Y aquí surge ese otro sentido de este libro, menos trágico pero igualmente testimonial de otro vacío: el que deja el fin de un amor, como latencia del deseo y como huella de palabra. Todo amor, lo sabemos, tiene su mitología y esa mitología adquiere la forma de un relato. Los amantes no sólo se aman físicamente, sino también, y acaso sobre todo, se dicen, se nombran, se hablan. Incluso cuando el amor termina, lo que resta son los relatos del amor, como sucedáneo de la ausencia. El amor que termina aún persiste en aquello que se dice. Lo supo Barthes de un modo genial: el amor está fragmentado en el discurso amoroso: “es pues un enamorado el que habla y dice”, comienza el libro. La oportunidad del poema de Sara Cohen también se juega en esa brecha de la fragilidad amorosa, donde se eleva la pequeña patria de la poesía. Ausencia y presencia de los enamorados, en una constante tensión, que los cuerpos resuelven pero que también alientan dramáticamente cuando ya no están y donde el diálogo, el diálogo de amor, permite resistir y al mismo tiempo disolver. La ausencia y presencia de los amantes es, también, un juego entre partir y quedarse. Y allí se funda su palabra y también la palabra del poema, que sustituye la brecha de su fragilidad, el no lugar donde se levantan las ilusiones del amor. Leo el comienzo de Pequeña patria: “En esa intermitencia/ entre aparición/ y desaparición/ se ancla el deseo// no nos lo advierten/ lo suficiente/ pero todo es frágil// el diálogo es un rumor/ nacido de esa fragilidad// las palabras y ese otro/ al que llegan/ forman estructuras/ sobre las que se montan/ las ilusiones// la vida retorna/ tan sólo/ por una palabra/ que va y viene/ espera incesante/ de sentido”. Ese vaivén de la palabra en el diálogo amoroso, entre la partida y la llegada, abre el hiato de la busca de sentido que sólo el poema parece reconocer. Lo reconoce como nostalgia, una añoranza de ese espacio ilusorio en el que se construyó el intenso paisaje del deseo. El poema sólo puede reconstruir el sentido del rumor, porque ya se ha perdido, ya que el rumor, dice otro poema de Sara Cohen de la tercera sección Ligeras incomodidades, secretas imposibilidades, es el pasado. Y el pasado es también otra brecha que abre la ausencia amorosa, el lugar en el que se constata lo que te dije y lo que me dijiste, lo que nos dijimos antes y después de los cuerpos que la pasión ritma y donde también hablan.
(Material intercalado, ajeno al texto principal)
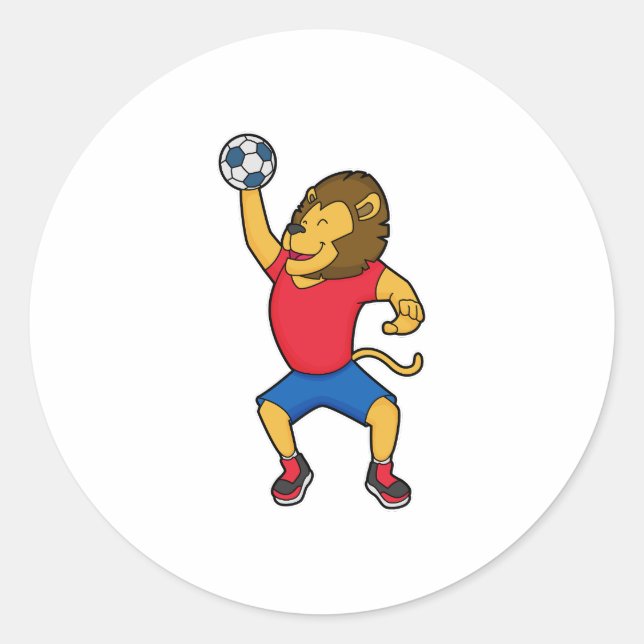 Sticker Rond Lion Handball player Handball (Devant)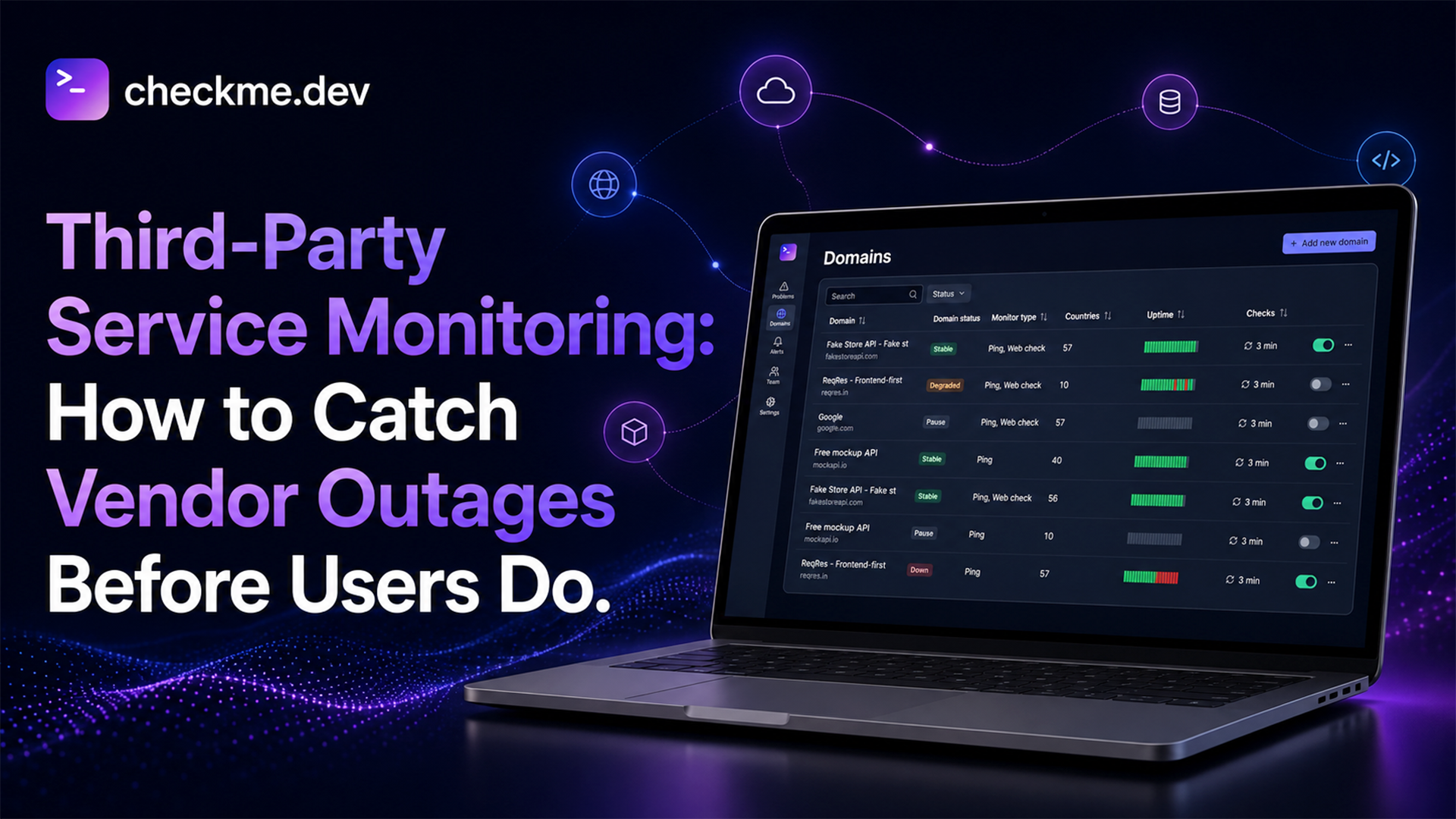 Third-Party Service Monitoring and Vendor Outages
La palabra del poema es la oportunidad de colmar el vacío de un modo paradójico: abriendo en el lenguaje su brecha. Allí se habita, allí se vive contra la muerte y en el nombre del amor, pero bajo el imperio del haber sido. No haber sido es en el poema una oportunidad de nacer, de renacer: partir al poema es otra partida de nacimiento. Y al final de ese bellísimo poema llamado La magnolia se habla de ese no lugar que sostiene el vacío –del amor, de la muerte–: “Lo único cierto", escribe Sara Cohen, "es la ficción”.